DataOps Insights for Testers
Defining the Business Problems
A factory analogy for software is a powerful way to describe the varied problems testers face, and to highlight the assumptions entailed by our current thinking. Like other over-worked members of key technical staff, Testers are dubious of any claims that the newest way of thinking will actually amount to anything because they’ve been burned too many times. The fact remains, however, that disruption does occur – and sometimes at massive scale. We’ve got to be ready to follow good data and sensible deductions to consider new things - because insight always arises out of what we haven’t yet considered.
“Provision speed, data freshness, data completeness, data synchronicity and consistency within and among datasets, distribution speed, resource availability, reproducibility, and repeatability [can] all contribute to longer deployment frequency.” And in the midst of these problems, competitors are finding ways to go faster and faster. “The best companies are deploying 30x faster, delivery times are dropping as much as 83%, and unicorns like Amazon are now deploying new software every second.” Here’s an (incomplete) short list of tester challenges DataOps can address:
- Context Switch Speed/Cost: What does the time and cost to shutdown/pause one thing and startup another thing do to tester productivity?
- Cost of Complexity– Our test data and test data delivery have too many steps, too much effort per step, and too many components.

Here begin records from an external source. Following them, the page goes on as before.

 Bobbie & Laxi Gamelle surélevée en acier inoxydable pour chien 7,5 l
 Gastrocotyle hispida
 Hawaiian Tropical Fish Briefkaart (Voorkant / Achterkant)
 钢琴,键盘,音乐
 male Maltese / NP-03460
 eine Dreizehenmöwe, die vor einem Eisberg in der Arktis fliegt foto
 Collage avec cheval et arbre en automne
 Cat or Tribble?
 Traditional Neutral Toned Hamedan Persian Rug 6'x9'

- Cost of Optimizing Locally– Optimizing our own workflow often creates both the illusion of progress and an increasein cost.

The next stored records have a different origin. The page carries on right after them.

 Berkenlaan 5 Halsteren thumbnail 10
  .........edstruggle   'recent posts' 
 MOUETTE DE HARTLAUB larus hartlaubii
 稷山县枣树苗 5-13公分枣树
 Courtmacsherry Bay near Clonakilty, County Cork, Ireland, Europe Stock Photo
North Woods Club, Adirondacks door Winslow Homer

- Time to Test Data/ Test Environment Ready– How long does it take to return to golden baseline or any baseline or any secure full-size baseline?
If we connect the dots between a day in the life of a tester and all the ways that data affects the speed and efficiency of that tester, the case is clear: Test data is at the heart of many of the challenges testers face each day. These problems have been so intransigent for so long that it’s hard for testers to even accept that different assumptions about how testing works are even possible. But, as we’ll see, these assumptions are ripe for challenge.
Insight: “Blazing fast code deployment doesn’t solve the test data bottleneck”
Context Switch Speed/Cost
A few months back, I was chatting with an SVP of software development and he commented to me that the frequency and cost of context switch was enemy number one for his development organization. In test data management, we need to context switch our test for a variety of reasons: to change the release we’re working on, to load new test data, swapping out data to keep from compromising someone else’s dataset, to triage a production problem, etc. But, often we stop ourselves from context switching even when its beneficial because of the speed and cost implications.
For example, “reproducing defects can also slow down deployment. Consider that quite often developers complain that they can’t reproduce the defect that a tester has found. This often leads to a full halt in the testing critical path as the tester must “hold” her environment to let the developer examine it. In some cases, whole datasets are held hostage while triage occurs.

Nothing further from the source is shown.